No, not a good idea. Removing CO2 at night only to have to add it
back in in the morning is wasteful and counterproductive.
When you use an electronic CO2 controller, you need to have enough
carbonate hardness (AKA "KH", alkalinity, acid buffering) so that your
water without extra CO2 will have a pH higher than your set point. It
sounds like you have a relatively low KH and, in turn, not much CO2 is
being injected during the day. You have an expensive system that is
not doing you much good.
For example, we have a carbonate hardness (measured by the Tetra KH
test kit) of 5 dKH (degrees KH). This gives the water an "equilibrium"
pH of around 7.8 with the typical 3-4 mg/l of dissolved CO2 that
occurs naturally in an aquarium. The CO2 controller then injects
enough CO2 to bring the pH down to 7.0, giving us a decent amount of
dissolved CO2 (15 mg/l).
This water chemistry is a kind of a "tug of war" with KH trying to
raise pH and CO2 trying to lower pH. The controller acts as a
mediator, making sure that the CO2 wins just enough to produce a
specific pH. Of course, CO2 (a natural born loser) is always trying
to diffuse into the air since there is "too much" in the water, so the
controller has to keep adding more back in to maintian the pH. If
you don't have enough KH, other acid sources in the tank (natural CO2,
H+ from nitrification, etc) overpowers the the acid buffering, taking
your pH below the controller set point, rendering it ineffective.

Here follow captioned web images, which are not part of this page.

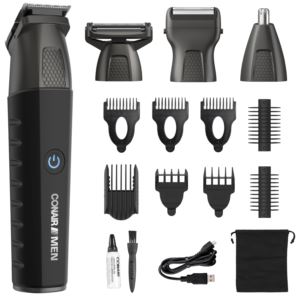 Conair+Men+Showerproof+Total+Body+All-in-One+16pc+Manscaping+Trimmer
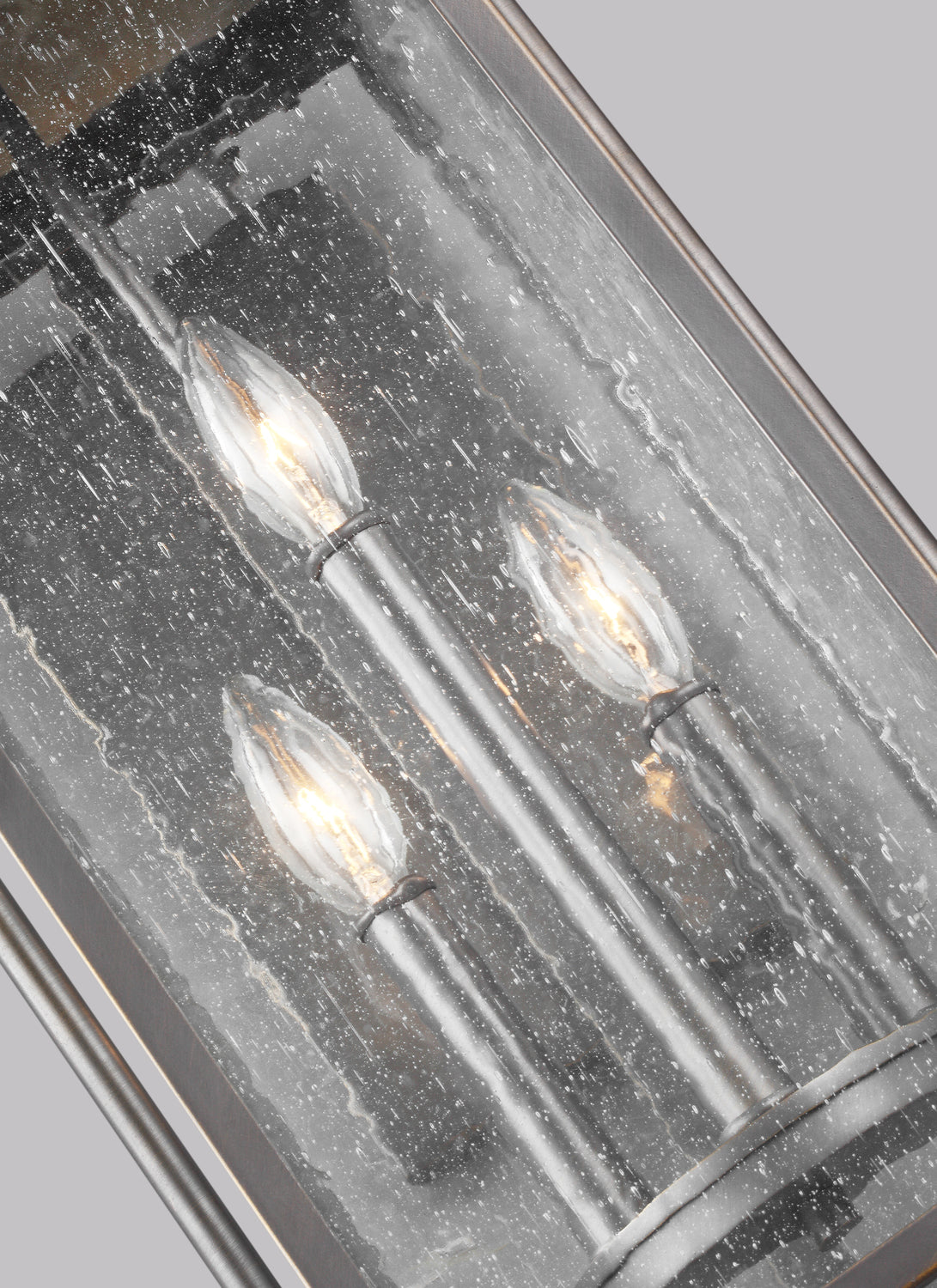 3 - Light Outdoor Wall Lantern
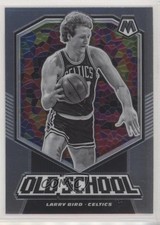 2019-20 Panini Mosaic Old School Larry Bird #8 HOF or7
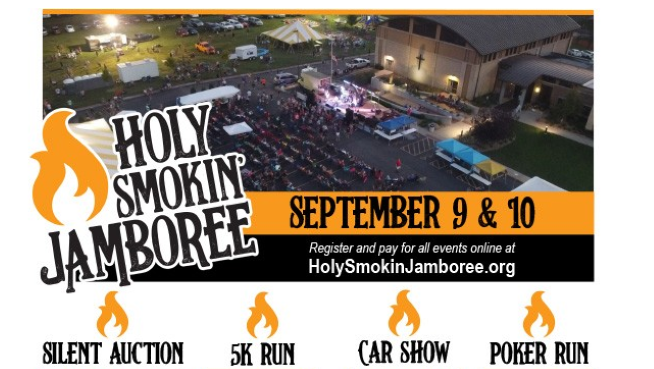 Have a Smokin’ Good Time at the Holy Smokin’ Jamboree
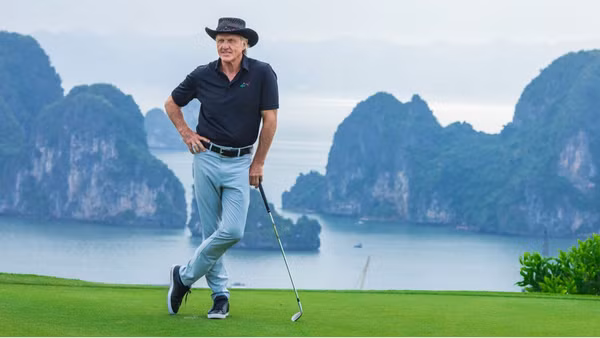 Đại sứ Du lịch Việt Nam Greg Norman nỗ lực kể những câu chuyện thú vị về Việt Nam ra thế giới.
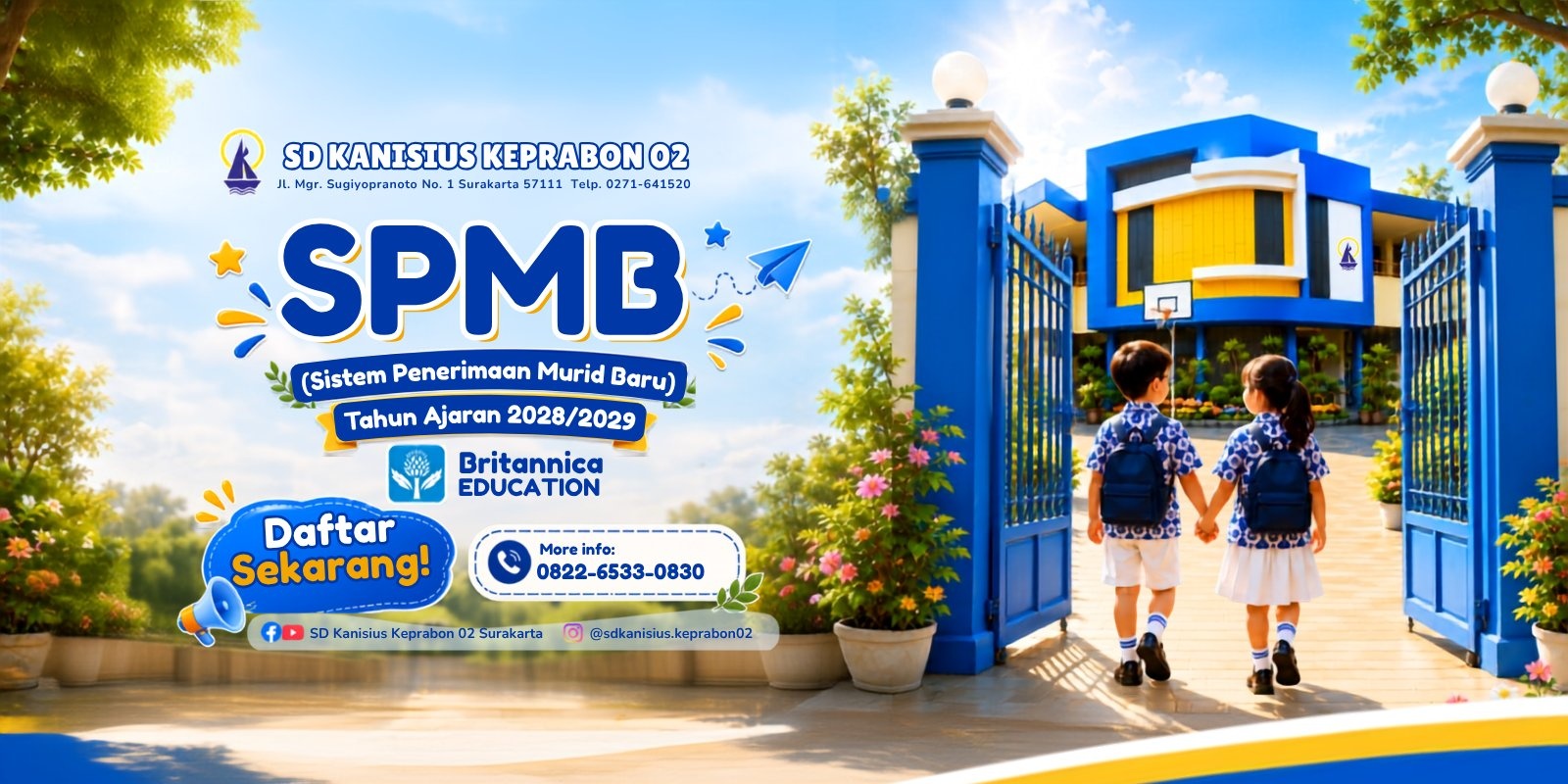 SPMB SD Kanisius Keprabon 02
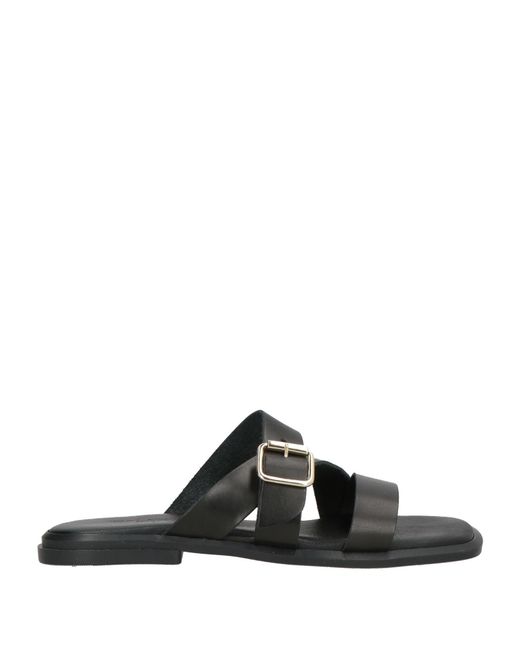 Baldinini Black Sandals Leather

Use one of the CO2 charts available in the Krib or on the web. Decide
what pH you would like your water to be. Then decide how much CO2 you
would like to inject (15 mg/l is a good target). Find out what value
of KH coincides with that pH and CO2 level.

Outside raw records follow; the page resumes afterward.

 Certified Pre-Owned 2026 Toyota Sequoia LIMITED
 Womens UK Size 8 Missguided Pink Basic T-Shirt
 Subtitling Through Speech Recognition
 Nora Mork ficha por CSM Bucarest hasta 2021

Now use sodium bicarbonate (NaHCO3, baking soda) to increase your KH
to the indicated level. One teaspoon (about 6 grams) of sodium
bicarbonate per 50 liters of water will increase KH by 4 degrees and
will not increase general hardness. If you would like more general
hardness, two teaspoons (about 4 grams) of calcium carbonate (CaCO3)
per 50 liters of water will increase both KH and GH by 4 degrees.
Different proportions of each can be used to get the correct KH/GH
balance dictated by the fish and plants in the tank. Since it is
difficult to accurately measure small quantities of dry chemicals at
home, a test kit should be used to verify the actual KH and GH that is
With increased KH, you will find that the controller will now maintain
the pH at the set point, +/- the built-in hysterisis (0.05 ?). And,
hey, your plants might grow better, also!